The shape of the external thread 21, which is a buttress thread, is shown in FIG. 4. The angle of inclination of the steep tooth flanks 23 is .beta.=5.degree. and that of the flat tooth flanks 24 is .gamma.=40.degree., with a distance of 3.5 mm between the steep flanks and a tooth height of 1.84 mm. With this combination of toothing between the anchoring rod 10 and the threaded sleeve 20, and a buttress thread which is designed for large forces from the same direction, the traction force is transferred on a step-by-step basis from the tie rod to a nut on the sleeve 20 whereby the nut is subjected to stress over its entire length. Accordingly, the lines of force are transferred in discrete bundles over the long flanks 11 of the toothing to the threaded sleeve 20, and are practically uniformly transferred over the buttress thread 21 to a nut.

Although only the connection of an anchoring rod and a threaded sleeve is described above, other applications are also possible as, for example, in staying devices where a cable is to be fastened to a rod rammed or poured into the ground.
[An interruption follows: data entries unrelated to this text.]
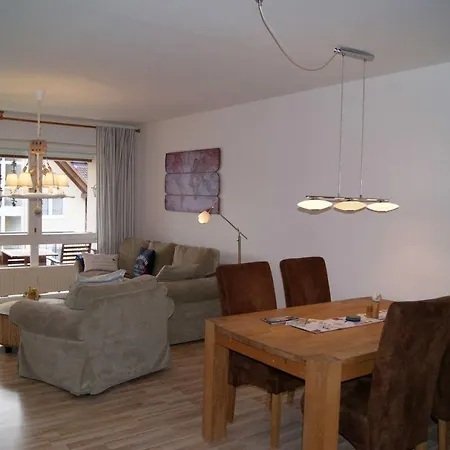 Fewo Glae Apartment
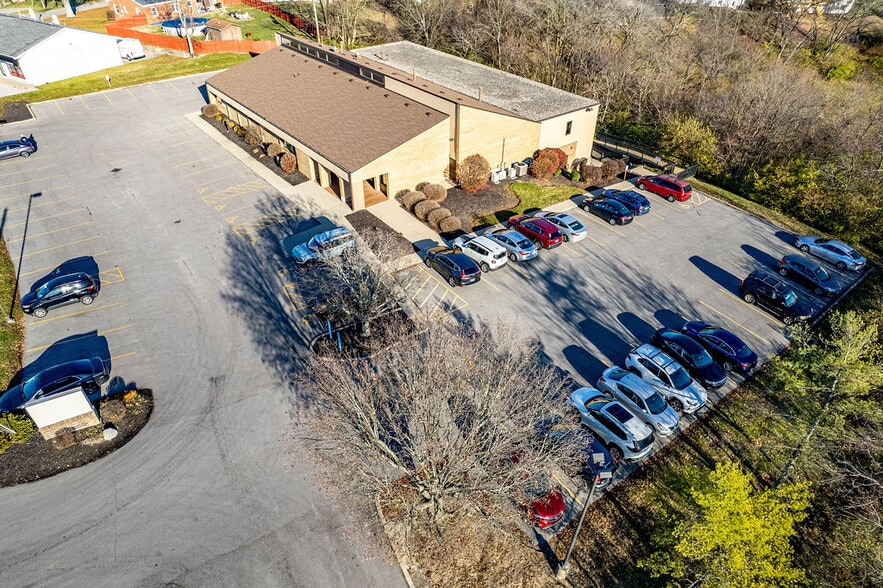 More Photos Of 5522 Taylor Mill Rd, Taylor Mill Medical For Sale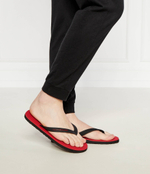 Вьетнамки Tommy Hilfiger - красный(FM0FM05023)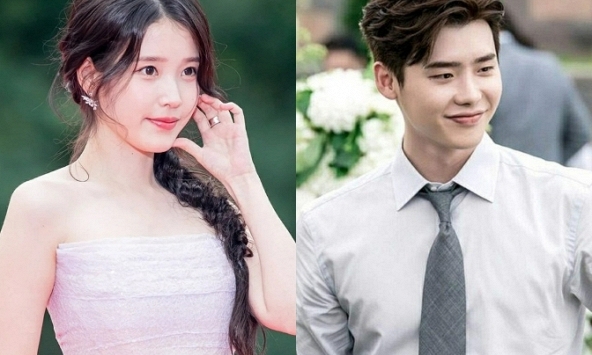 IU nuông chiều Lee Jong Suk tới mức nhập viện khẩn cấp? 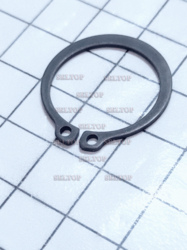 Защитное кольцо, metabo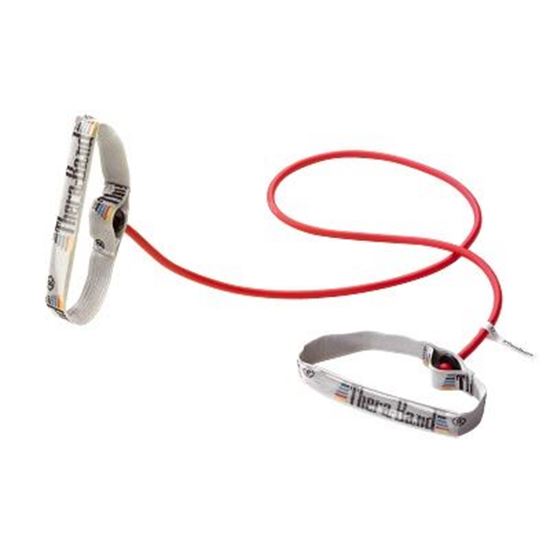 Image sur 991483202 Tube Thera-Band « Bodytrainer » 14 m avec poignées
Another application would be for the traction relief of cables of all kinds, including lighting conductors.

Claims

1. A structural arrangement for the transfer of a traction force (K1) applied to a first elongate element (1) and acting parallel to an interface surface (3) thereof, to a second elongate element (2) resting on the first element and having an interface surface (4) mating with that of the first element, said second element being held in place and being pushed against the first element with a lateral force (P) directed approximately vertically to the interface surfaces, the improvement comprising: a plurality of parallel, sawtooth shaped elevations of equal height (5, 6, 7) on both interface surfaces engaged with each other in a shape-locked manner, defining corresponding inclined flanks (6) of increasing length in the direction of application of the traction force on the first element and being essentially in full flank surface contact with each other; whereby, each tooth transmits nearly the same amount of force from said first element to said second element.
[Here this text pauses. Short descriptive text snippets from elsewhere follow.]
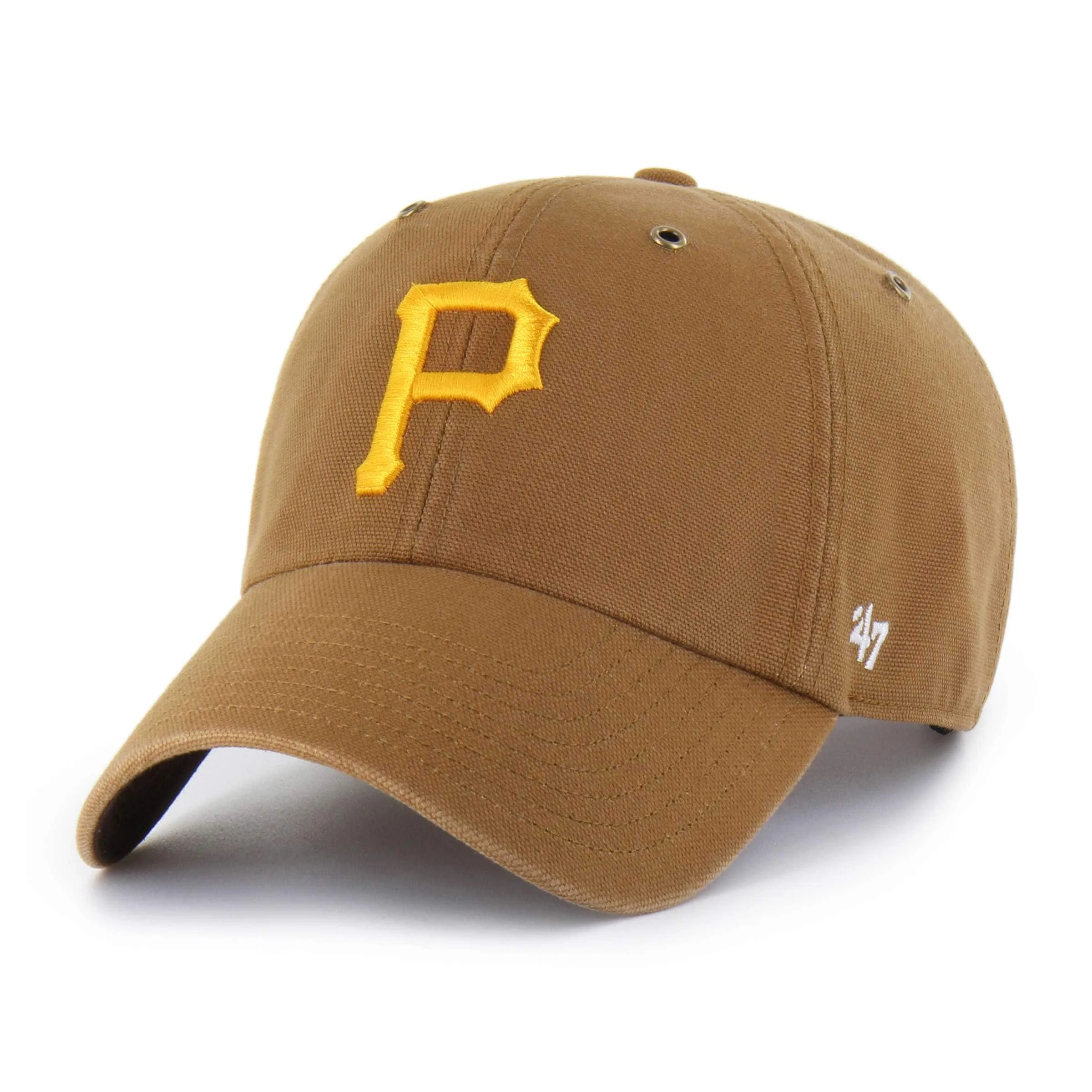 Pittsburgh Pirates '47 Clean Up - 1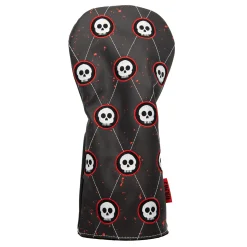 Headcover Driver Vit-Pure New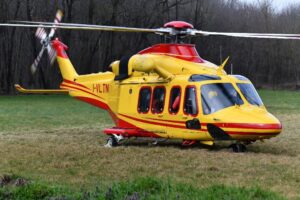 Cairate: incidente stradale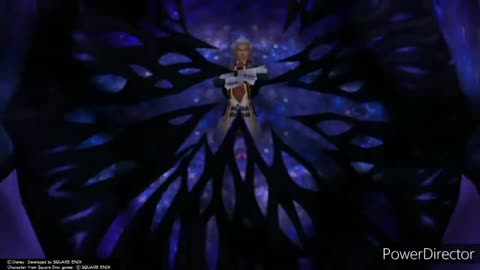 Blarx Marks Of Mastery Exam Episode 3_ Blarx Teamup with Power Rangers Wild Force Forever Red Part18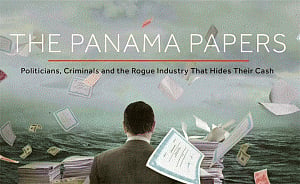 Panama papers: SC seeks Centre, RBI's response in four weeks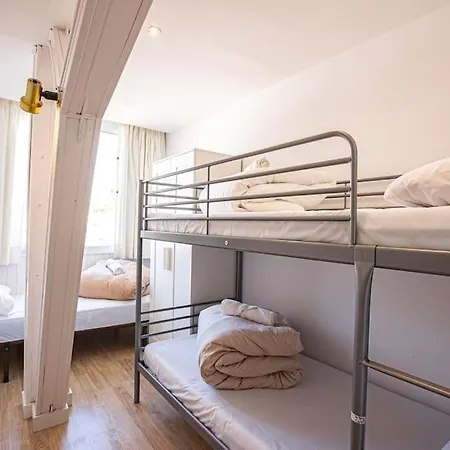 Daire Holidays Edel 2 4 Personas 2 Y Parking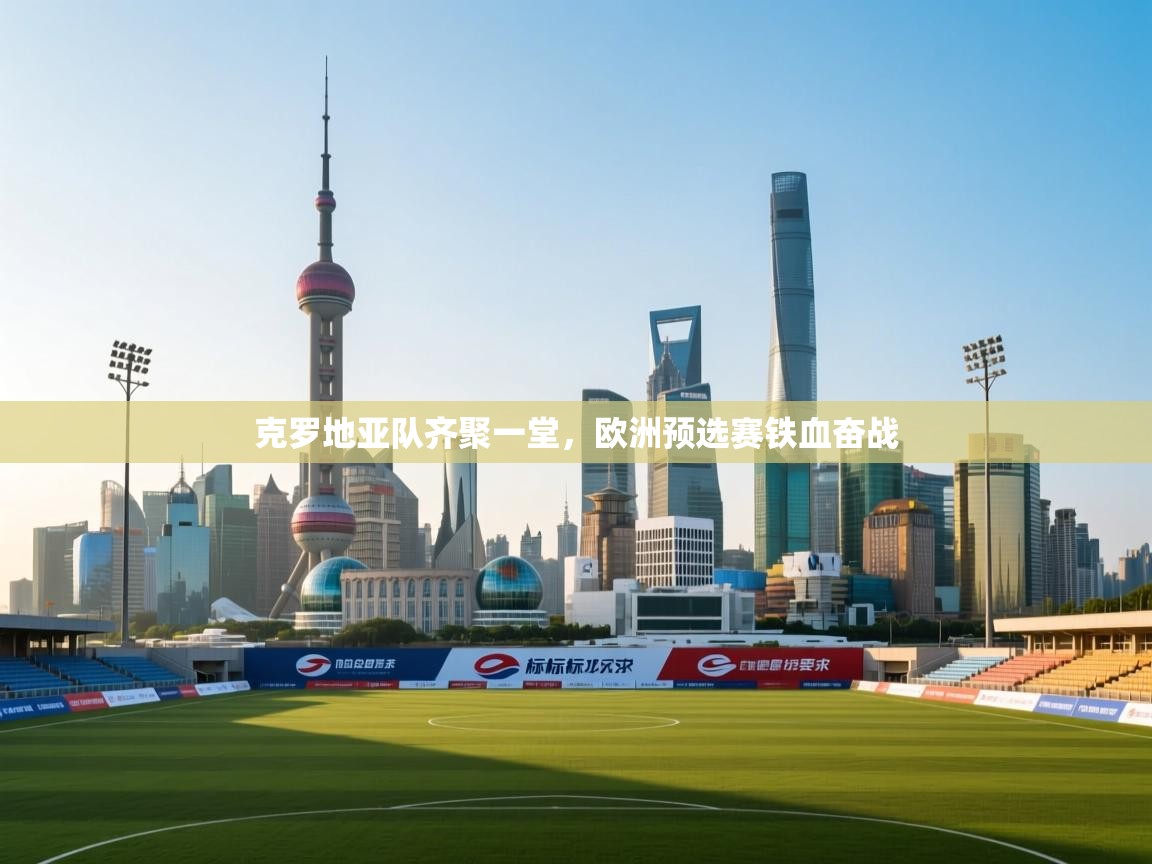 克罗地亚队齐聚一堂,欧洲预选赛铁血奋战 第2张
2. Arrangement according to claim 1, wherein the increase in the length of the flanks is equal to the axial expansion of the first element under the traction force, which decreases with the progressive transfer of said force to the second element.

3. A structural arrangement for the transfer of a traction force (K1) applied to a first elongate element (1) and acting parallel to an interface surface (3) thereof, to a second elongate element (2) held in place and resting on the first element and having an interface surface (4) mating with that of the first element, said second element being pushed against the first element with a lateral force (P) directed approximately vertically to the interface surfaces, the improvement comprising: a plurality of parallel, sawtooth shaped elevations of equal height (5, 6, 7) on both interface surfaces engaged with each other in a shape-locked manner defining corresponding inclined flanks (6) increasingly shorter in the direction of application of an increasing traction force (KI) on the first element and being essentially in full flank surface contact with each other; such that each tooth transmits nearly the same amount of force from said first element to said second element.

4. Arrangement according to claim 3, wherein the decrease in the length of the flanks is equal to the axial contraction of the first element under the traction force, which is progressively transferred to the second element.

5. Arrangement according to claim 1, wherein the first element comprises an anchoring rod (10) and the second element comprises a sleeve (20) surrounding a portion of the rod, and wherein ridges (5) of the teeth elevations are disposed on a cylindrical surface.

6. Arrangement according to claim 5, wherein short flanks (7) of the teeth elevations lie on parallel planes vertically spaced on and perpendicular to the axis of the elements.

7. Arrangement according to claim 6, wherein the angle of inclination of the inclined flanks becomes increasingly less sharp proceeding from the sleeve end of the anchoring rod.